> Work instruction
Begin your copy at the line with "NFL Minnesota Vikings" in the records below and end it at the line with "CUADRO INSTRUMENTOS PEUGEOT", restating each line word for word; omit the pictures.

> Material provided
+++++

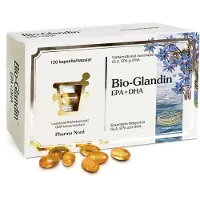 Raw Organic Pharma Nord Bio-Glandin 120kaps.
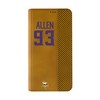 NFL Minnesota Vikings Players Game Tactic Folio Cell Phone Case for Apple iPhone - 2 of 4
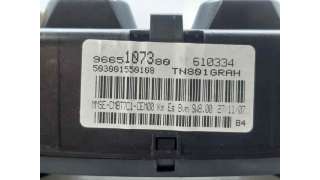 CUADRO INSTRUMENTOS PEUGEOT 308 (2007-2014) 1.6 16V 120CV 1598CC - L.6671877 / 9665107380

+++++

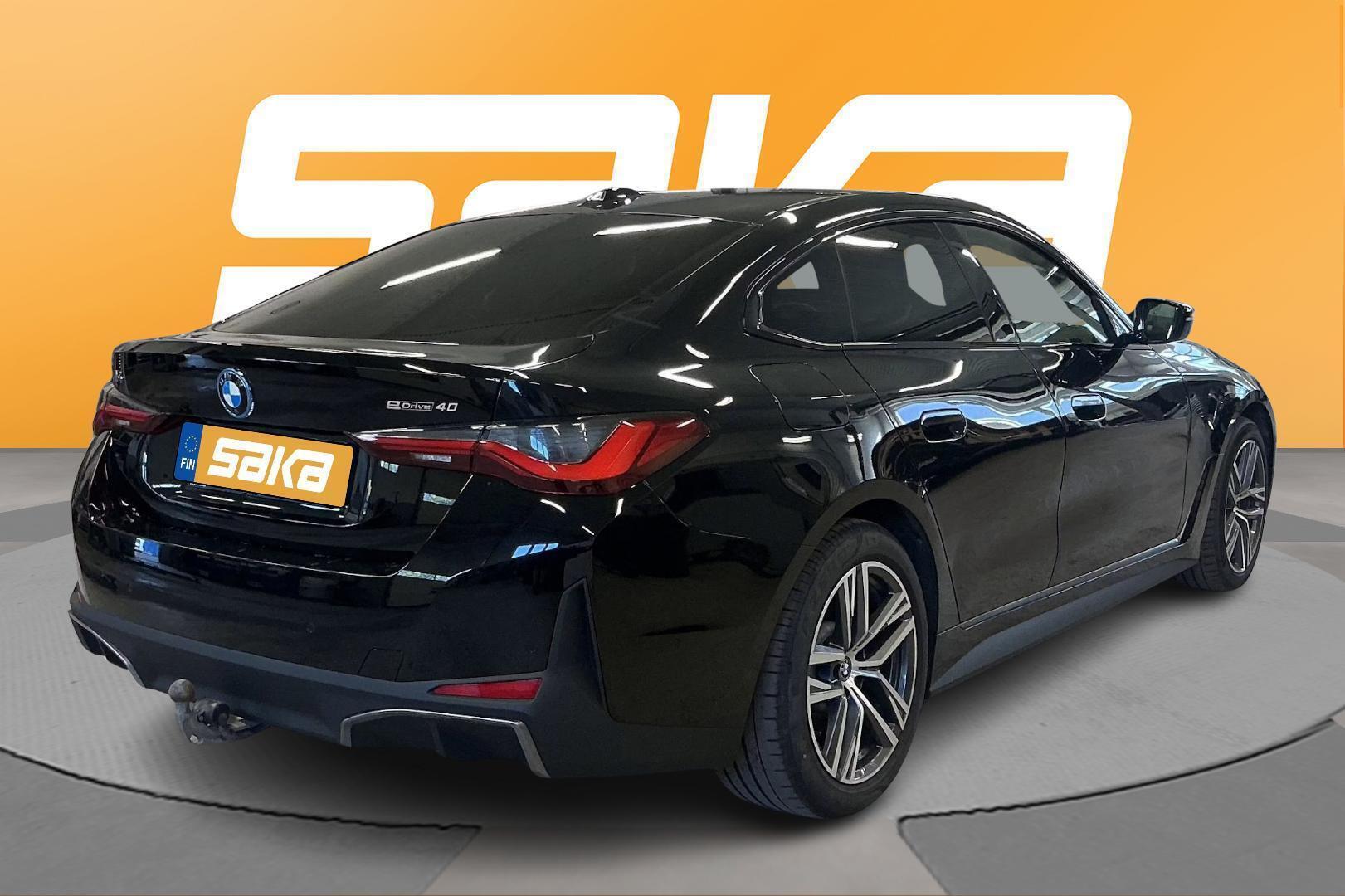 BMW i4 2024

+++++

> Expected output
 NFL Minnesota Vikings Players Game Tactic Folio Cell Phone Case for Apple iPhone - 2 of 4
 CUADRO INSTRUMENTOS PEUGEOT 308 (2007-2014) 1.6 16V 120CV 1598CC - L.6671877 / 9665107380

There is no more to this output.